[Image-caption web data]
┌────────
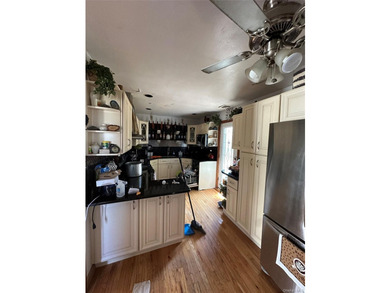 Attention all investors! Don't miss this exceptional opportunity - photo 3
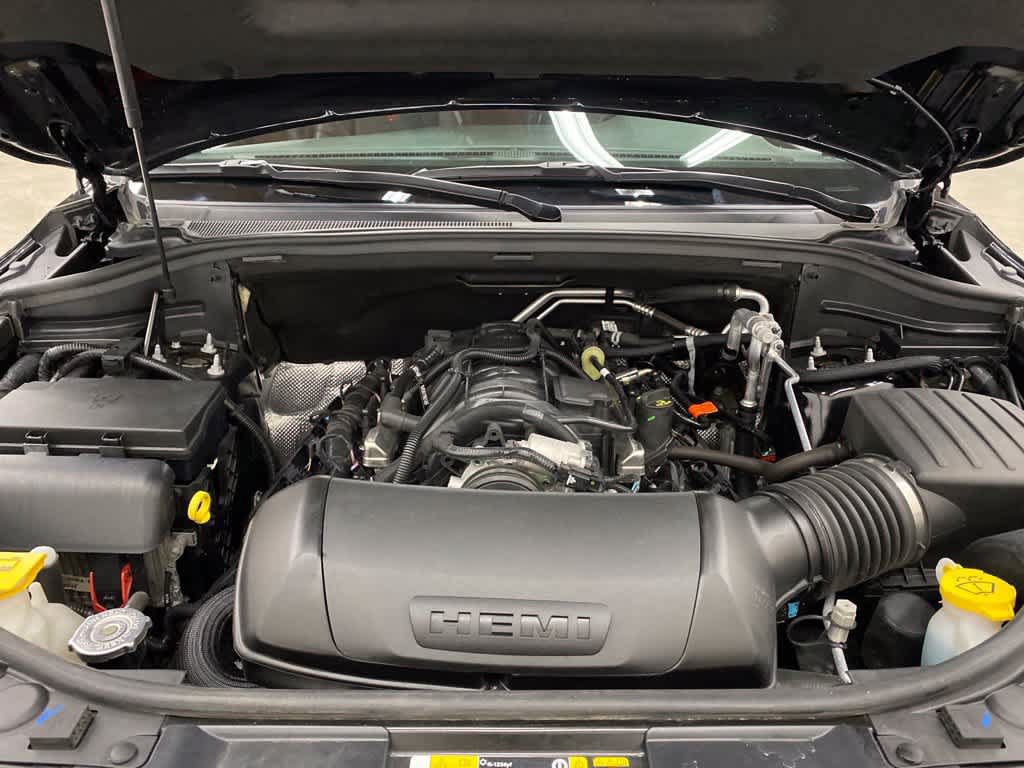 Used 2025 Dodge Durango R/T AWD/4WD image 11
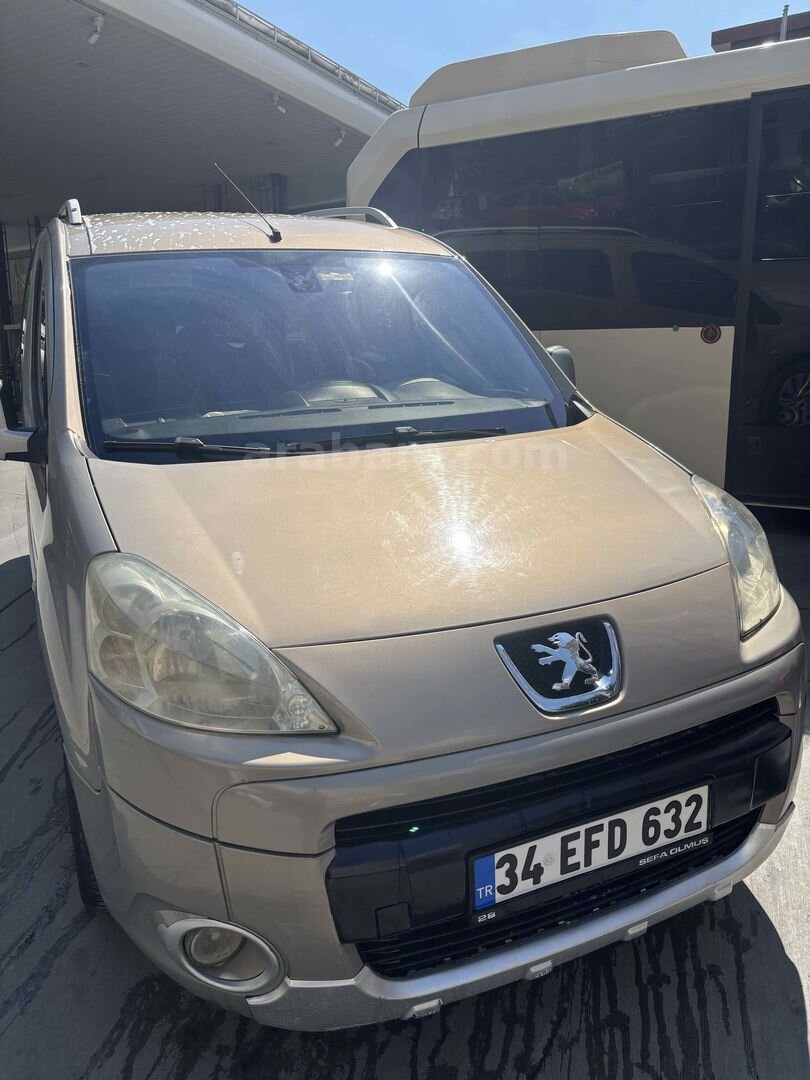 Sahibinden Peugeot Partner 1.6 HDI Premium Pack 2009 Model İstanbul 256.500 km Gri 4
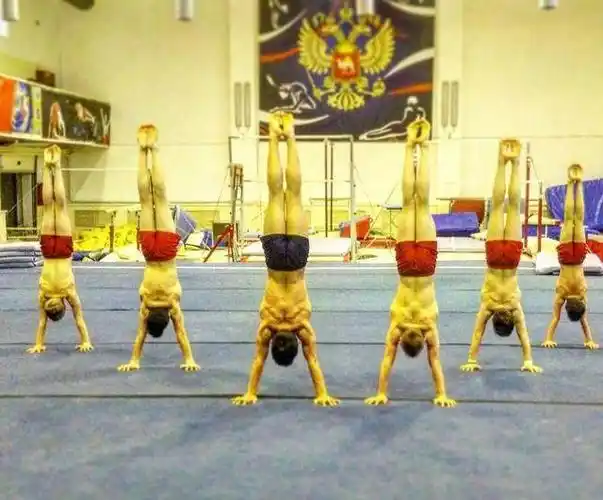 当看到这些小孩的肌肉,你会感觉到自惭形秽,实在太威猛了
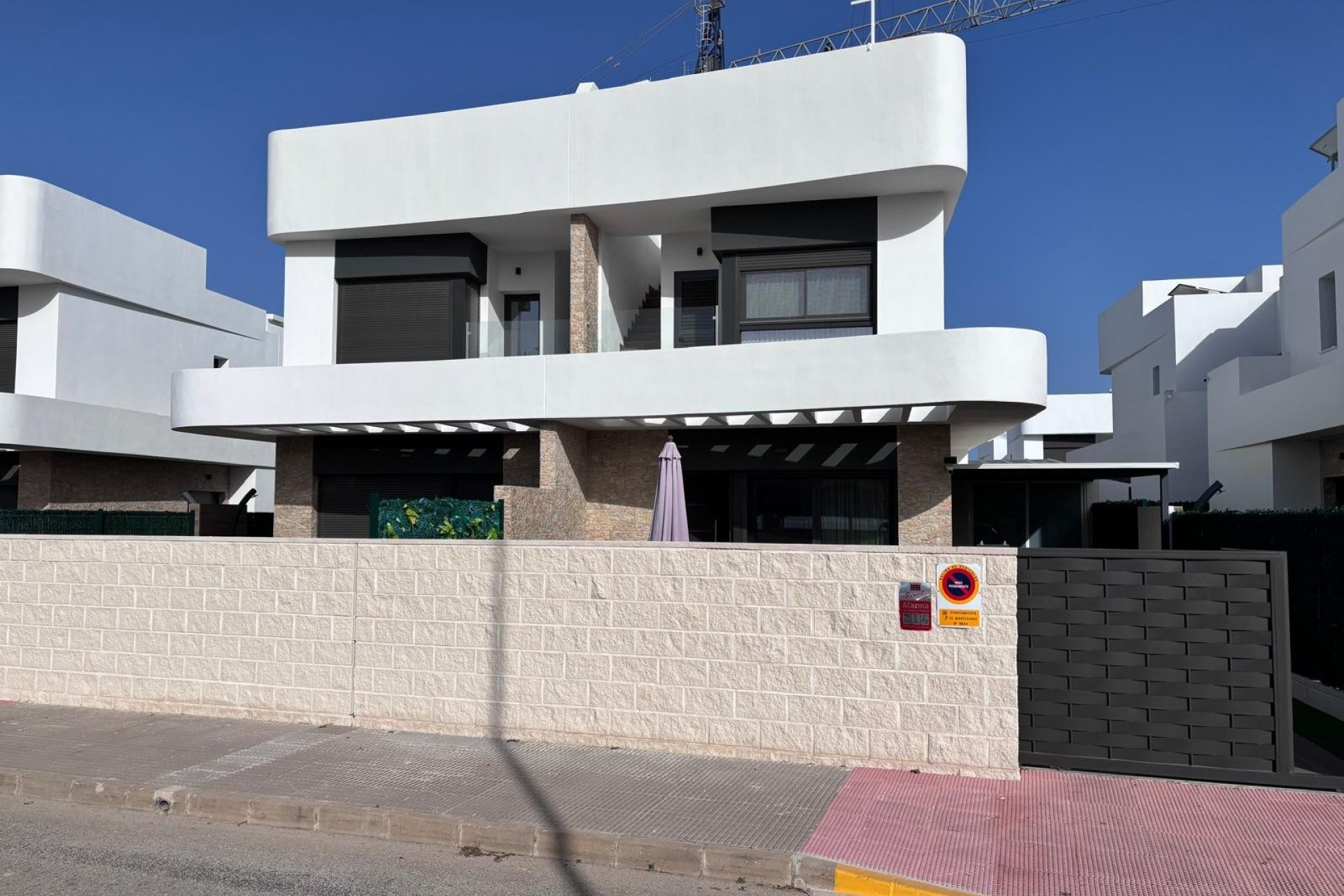 Resale - Terraced house / Townhouse - Los Montesinos - La Herada
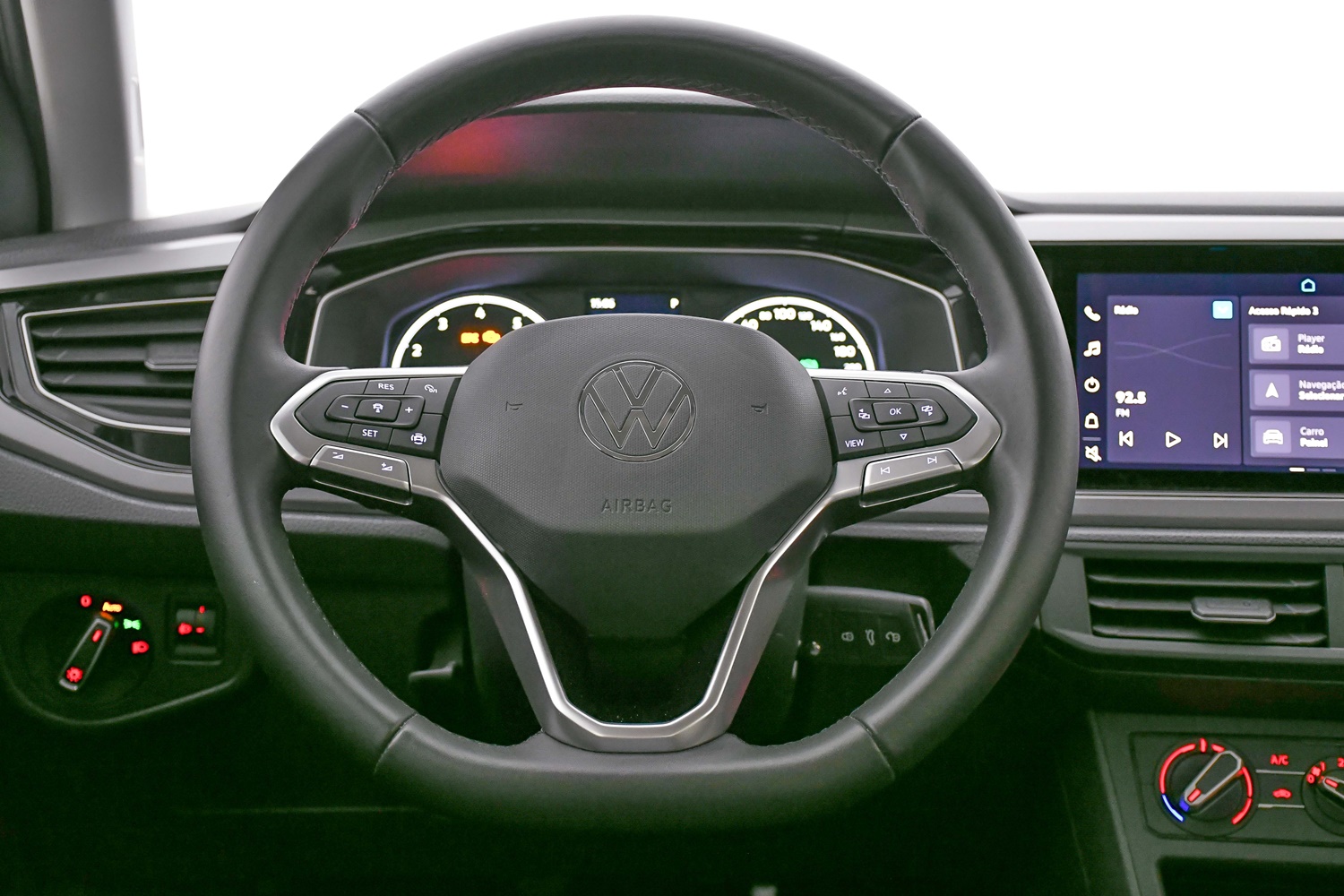 Volkswagen Nivus Comfortline 200TSI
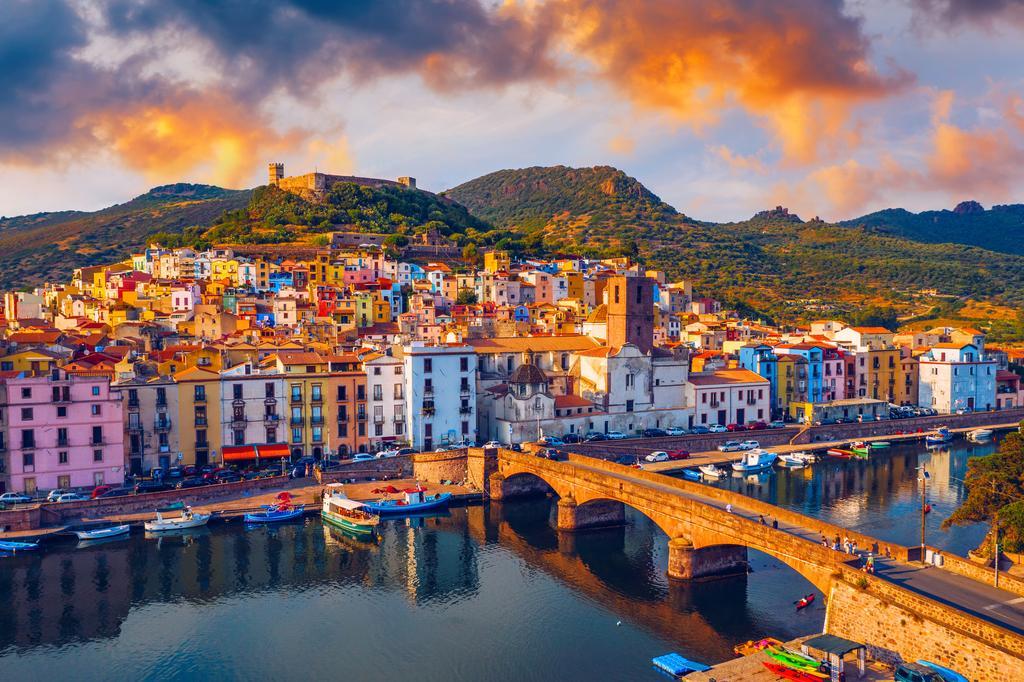 La ciudad de Bosa esconde secretos y rincones únicos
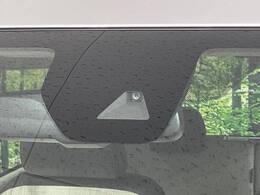 【三菱e-Assist】走行中に前方の車両等を認識し、衝突しそうな時は警報とブレーキで衝突回避と被害軽減をアシスト。より安全にドライブをお楽しみいただけます。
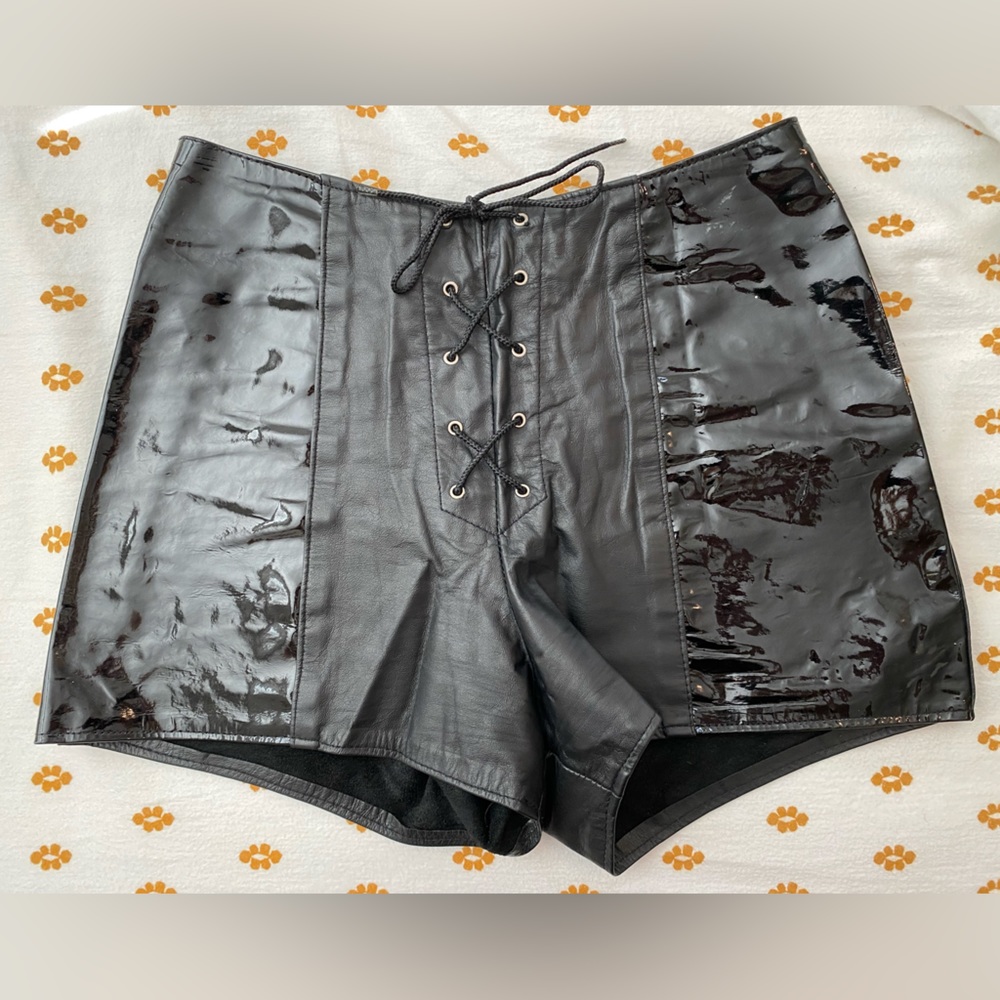 Vintage MGR It’s Our Universe Leather Shorts -Size 7/8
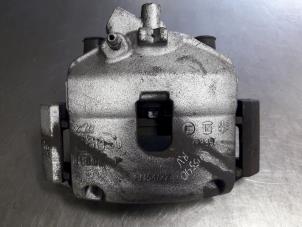 Gebruikte Remklauw (Tang) rechts-voor Lancia Ypsilon (312) 0.9 TwinAir 85 Prijs € 35,00 Margeregeling aangeboden door Autobedrijf Broekhuis B.V.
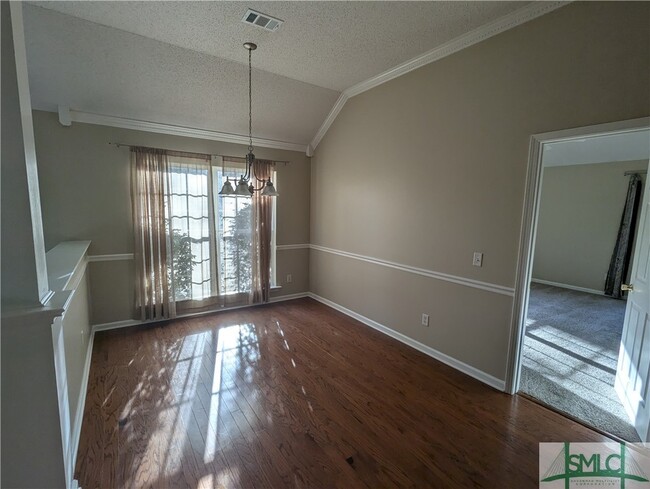 Building Photo - 550 Laurenburg Dr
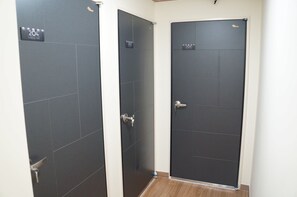 Shared Dormitory (Female) | Skrivbord, ljudisolering och gratis wi-fi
└────────
§ Exercise
Reproduce the final stretch of lines exactly: the line containing "Building Photo - 550 Laurenburg Dr" through the last line of the data, both included. Pictures do not belong in the copy.

§ Written answer
 Building Photo - 550 Laurenburg Dr
 Shared Dormitory (Female) | Skrivbord, ljudisolering och gratis wi-fi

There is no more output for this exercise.